▶ [Directions for this task]
Copy out precisely the lines of the material that follows, beginning with the line containing "By Adeem Akhtar" and ending with its last line; exclude pictures.

--------------------

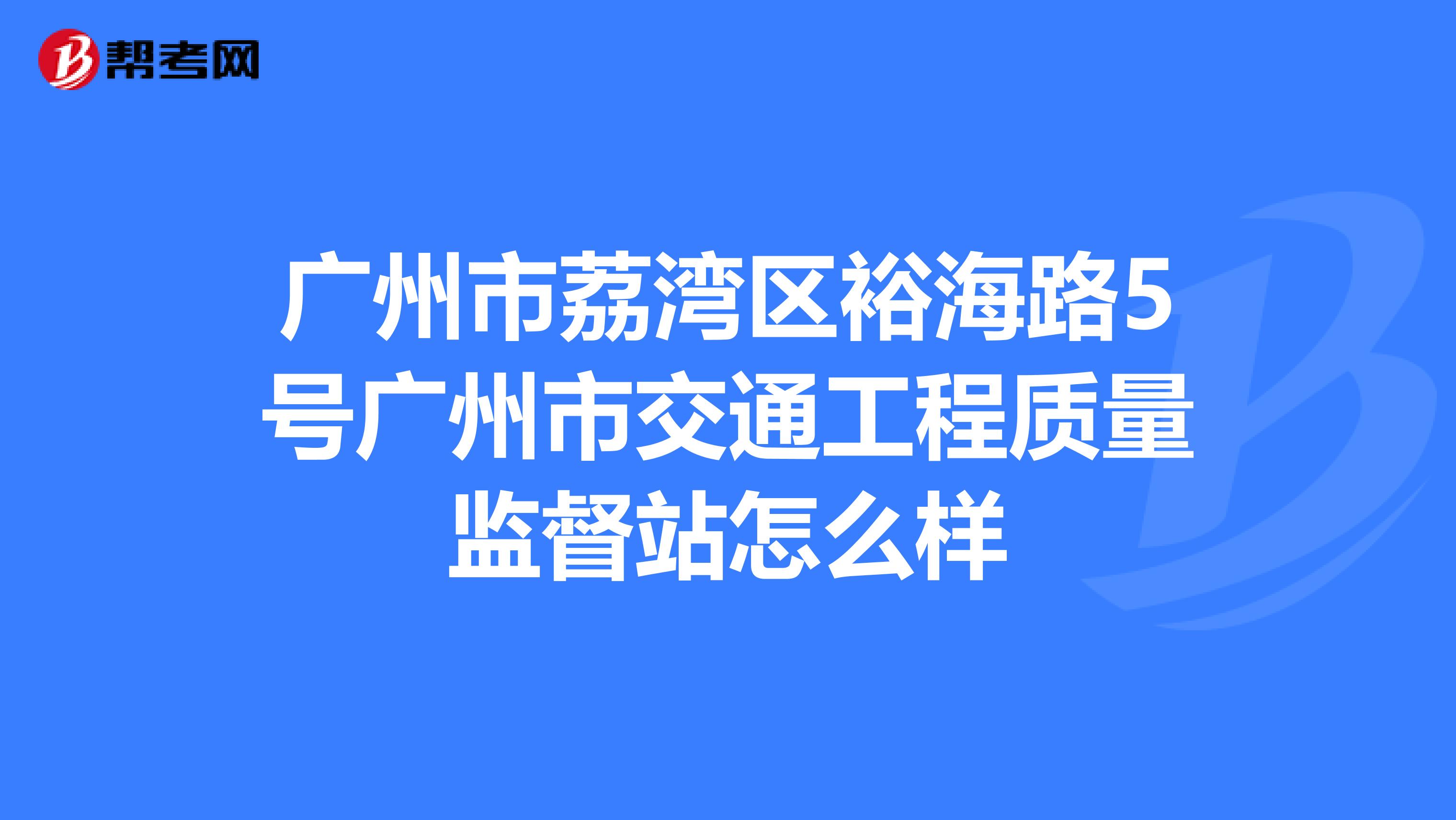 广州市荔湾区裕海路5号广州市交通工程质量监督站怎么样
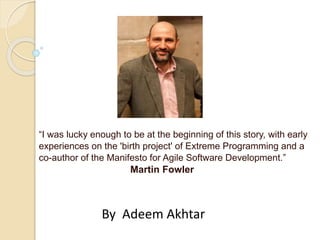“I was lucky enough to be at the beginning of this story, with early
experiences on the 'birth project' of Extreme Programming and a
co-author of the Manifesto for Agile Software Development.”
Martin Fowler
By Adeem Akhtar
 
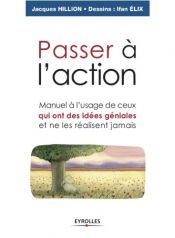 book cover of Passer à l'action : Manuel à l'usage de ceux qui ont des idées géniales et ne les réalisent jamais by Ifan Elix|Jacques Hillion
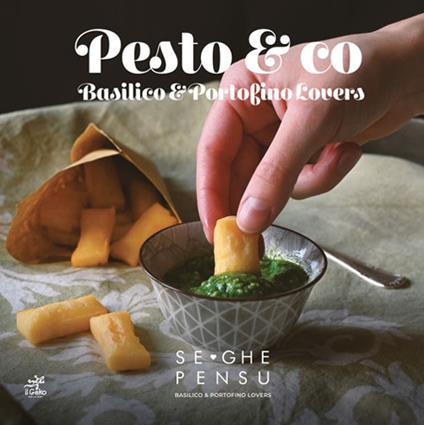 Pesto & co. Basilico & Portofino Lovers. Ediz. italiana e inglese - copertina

--------------------

▶ [Response box]
By Adeem Akhtar
 
 book cover of Passer à l'action : Manuel à l'usage de ceux qui ont des idées géniales et ne les réalisent jamais by Ifan Elix|Jacques Hillion
 Pesto & co. Basilico & Portofino Lovers. Ediz. italiana e inglese - copertina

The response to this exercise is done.